Miami-Dade says trust will run Vizcaya Museum
County commissioners last week approved an agreement with the Vizcaya Museum and Gardens Trust Inc. to operate the museum and historic landmark in Coconut Grove and find jobs for its employees who want to remain working for Miami-Dade.
Mayor Carlos Giménez said he will personally make sure the employees currently working at Vizcaya who want to remain with the county will have help through Miami-Dade’s Pipeline Assistance program.
Commissioner Daniella Levine Cava explained an amendment made to the ordinance: all county employees at Vizcaya are immediately eligible for placement assistance through the Pipeline program for up to two years. They must opt in by Sept. 30 and actively participate in the program.
No employee will lose a job, Ms. Levine Cava said. They’ll have jobs either through the Pipeline program or the Vizcaya Trust. “This will be good for taxpayers, arts and culture and our workers,” she said. “This public asset will remain in public hands; there will be no layoffs as a result of the transition.”
Senior Advisor Michael Spring said he and the mayor recently met with the employees and assured them they’d be given any assistance needed if they want to remain working for the county.
“My commitment to the 30 employees who want to remain with the county isn’t just for 12 months but as long as it takes to get a parallel position,” Mr. Giménez said during the Thursday commission meeting.
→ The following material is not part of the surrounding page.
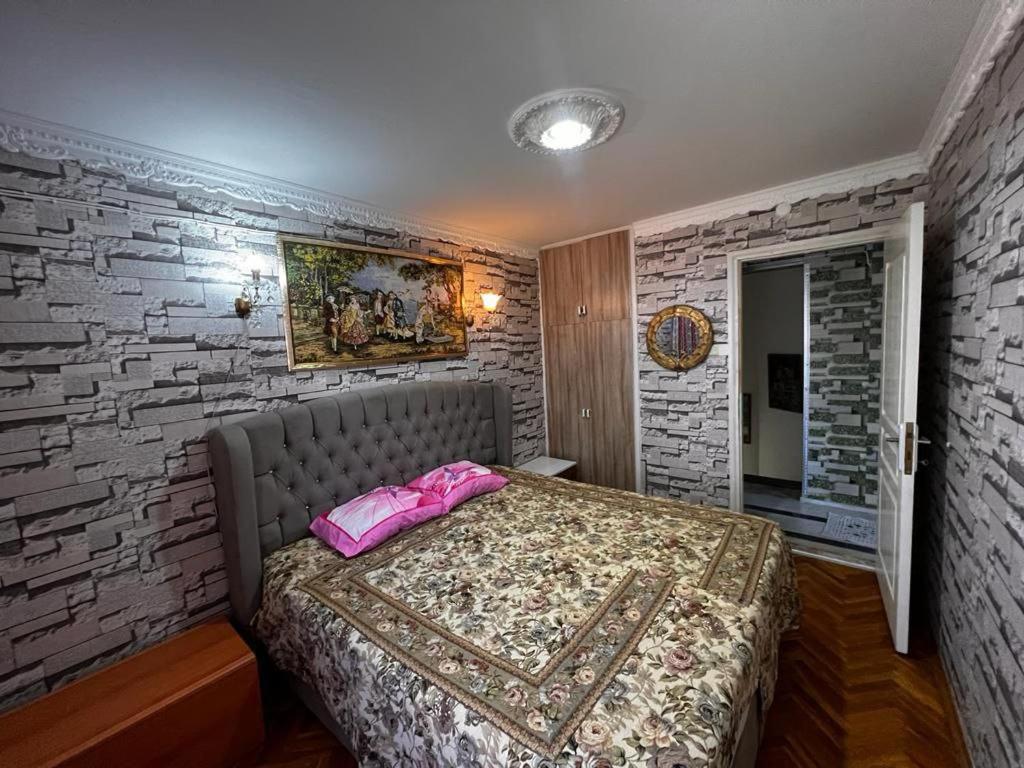 Postel nebo postele na pokoji v ubytování Дом в курортном городе Эгейского побережья.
Commissioner Xavier Suarez voted No, saying he was not as optimistic as his colleagues. “The problem with this is we’re privatizing with subsidies,” he said. “They’ll want subsidies. Why can’t we guarantee employees working at this entity?” Mr. Suarez said he “ran out of patience on this matter.”
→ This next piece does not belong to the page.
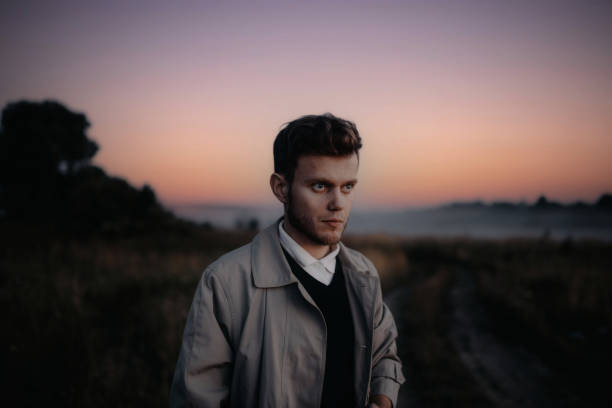 istock man thinker, philosopher poet walks in a raincoat across the field at dawn. 1410517334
Ms. Levine Cava countered by asking him to “think of this as a true P4: a public, private, philanthropic partnership.”
In the private sector, there’s no guarantee of anything, said Jose “Pepe” Diaz. “This is a win-win for everybody,” he said. “There’s not one sector that doesn’t come back knocking on doors.”
The Vizcaya property is the former villa and estate of James Deering, a retired Illinois millionaire who in failing health began building the estate in 1914 and completed it in 1922. Miami-Dade now owns the property.
The operating agreement – which would shift responsibility from one trust to another – stipulates Vizcaya Museum and Gardens Trust Inc. will operate the accredited museum and National Historic Landmark in agreement with all laws and standards of the US Secretary of the Interior, the American Alliance of Museums, the American Public Gardens Association and the American Institute for Conservation of Historic and Artistic Works.
With this private-public partnership operating and management agreement, the county retains ownership of Vizcaya’s grounds, building and art collections. The management and operations, including personnel, will be overseen by the not-for-profit 501(c)3 organization Vizcaya Museum and Gardens Trust Inc., which is to focus on increasing Vizcaya’s philanthropic contributions, increasing grant opportunities and making sure charitable donations play a greater role in Vizcaya’s future.
According to the legislation, these efforts will complement the $2.5 million of Convention Development Tax proceeds Vizcaya currently receives each year from the county. In addition, Vizcaya will receive the balance of capital funds earmarked for it from the 2004 Building Better Communities General Obligation Bond program, which currently amounts to $8.385 million.
The agreement requires the trust to submit an annual budget to the county for its approval as part of Miami-Dade’s annual budget process.
In October 2013, in anticipation of Vizcaya’s 2016-2017 Centennial, the Vizcaya Museum and Gardens Trust approved a five-year strategic plan with the goal of fully preserving the entire landmarked estate, including the Vizcaya farm village across Miami Avenue from the main villa at 3251 S Miami Ave., to boost Vizcaya’s role as a community resource, according to the legislation.
The trust concluded that Vizcaya’s “enhancement can best be accomplished by the evolution of this public-private partnership,” with the county retaining sole ownership of the grounds, buildings and art collections but management and operations, including personnel, being overseen by a single, not-for-profit organization through an agreement with the county.
The operating agreement includes terms for the Vizcaya Museum and Gardens Trust Inc.’s board of directors, that meetings be conducted under the Sunshine Law, records be available, and the trust operate Vizcaya with a balanced annual budget using earned revenue and contributed income along with county and other government funds.